▶ MATERIAL SHOWN
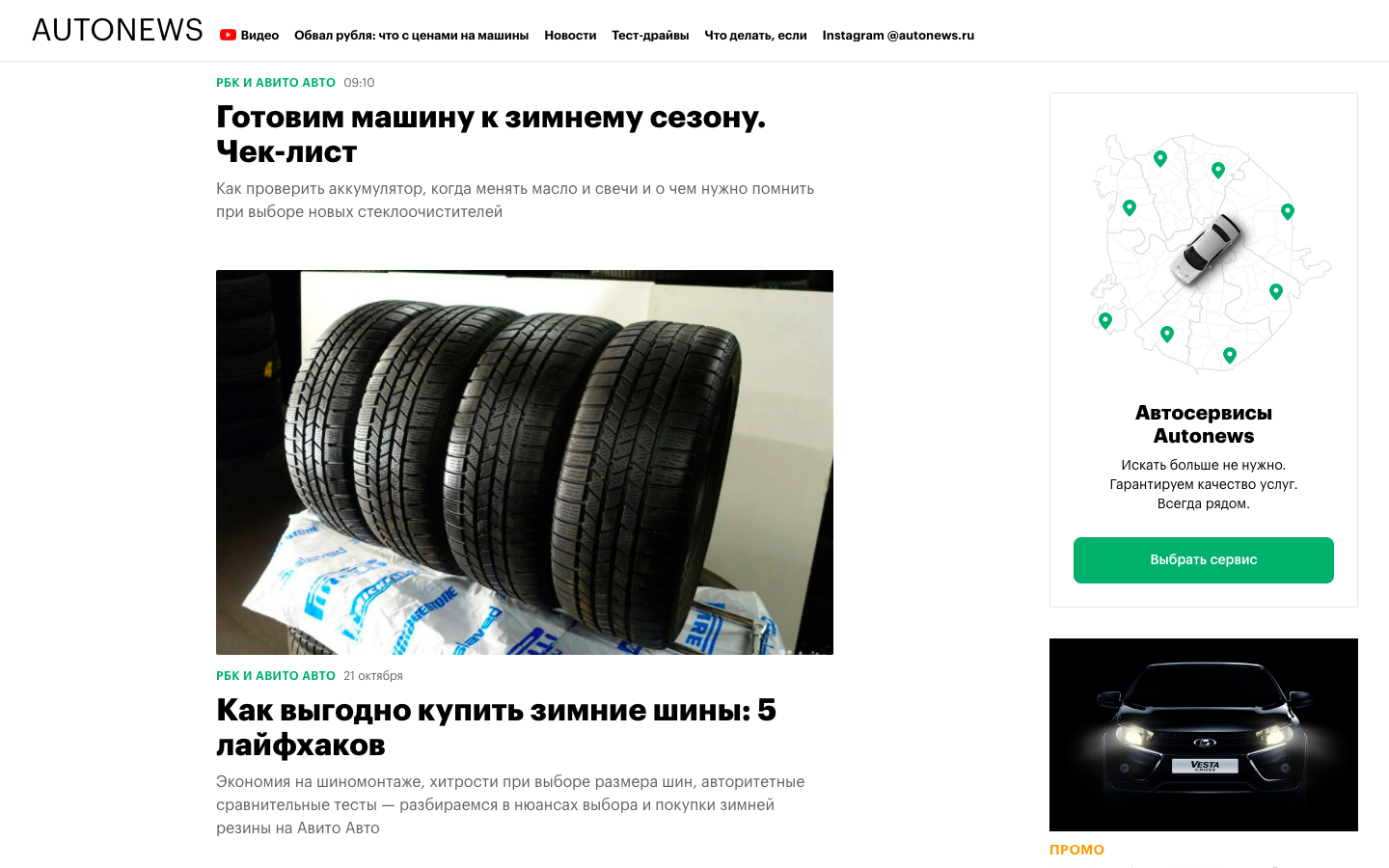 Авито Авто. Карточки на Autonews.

* * *

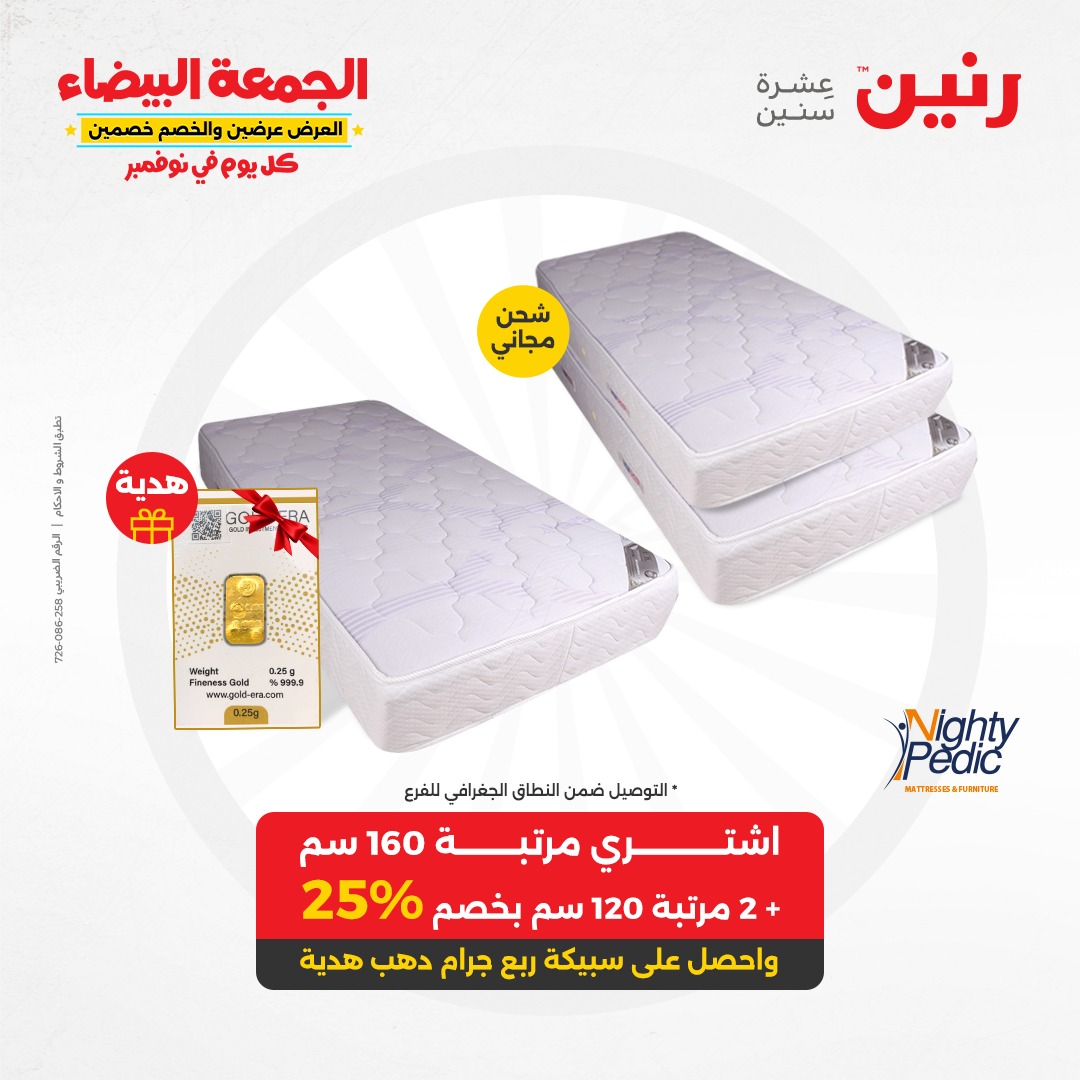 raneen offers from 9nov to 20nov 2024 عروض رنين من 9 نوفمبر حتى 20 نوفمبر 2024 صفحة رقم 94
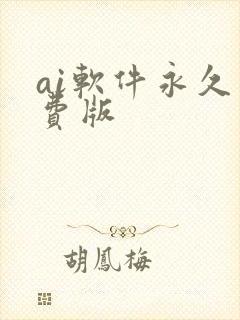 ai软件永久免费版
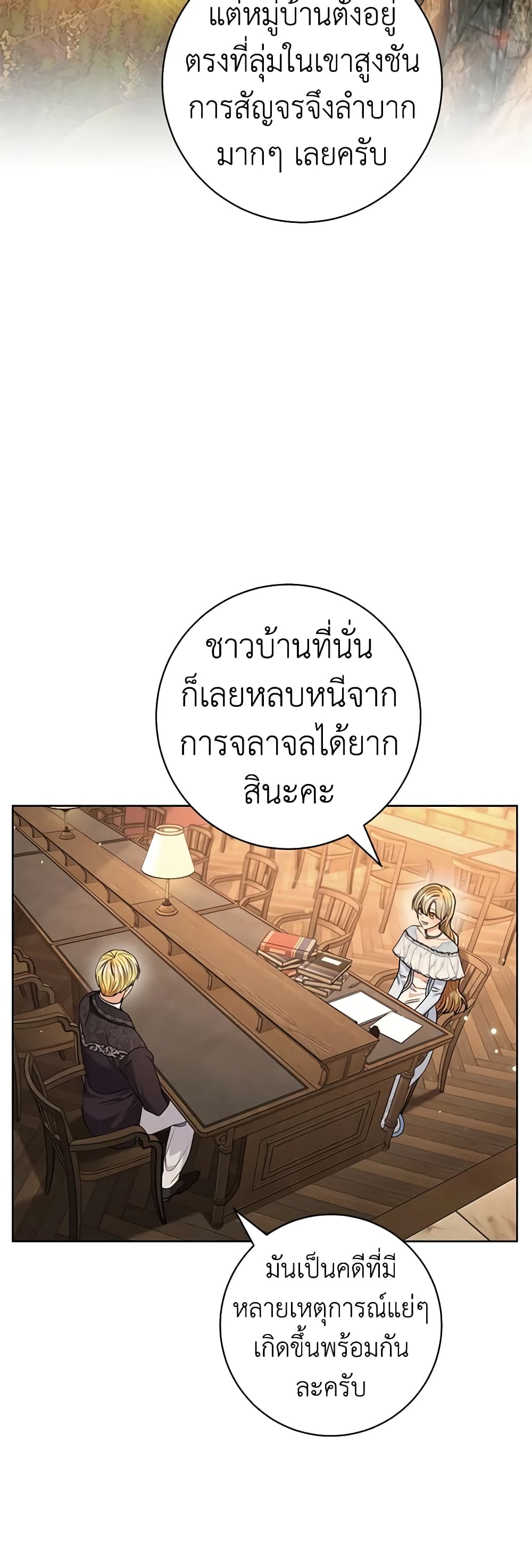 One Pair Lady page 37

▶ WHAT YOU ARE ASKED TO DO
In the records above, find the line containing "raneen offers from" and the line containing "One Pair Lady page 37", then give both of them again word for word along with every line between. Omit any pictures.

▶ SOLUTION TO THIS EXERCISE
 raneen offers from 9nov to 20nov 2024 عروض رنين من 9 نوفمبر حتى 20 نوفمبر 2024 صفحة رقم 94
 ai软件永久免费版
 One Pair Lady page 37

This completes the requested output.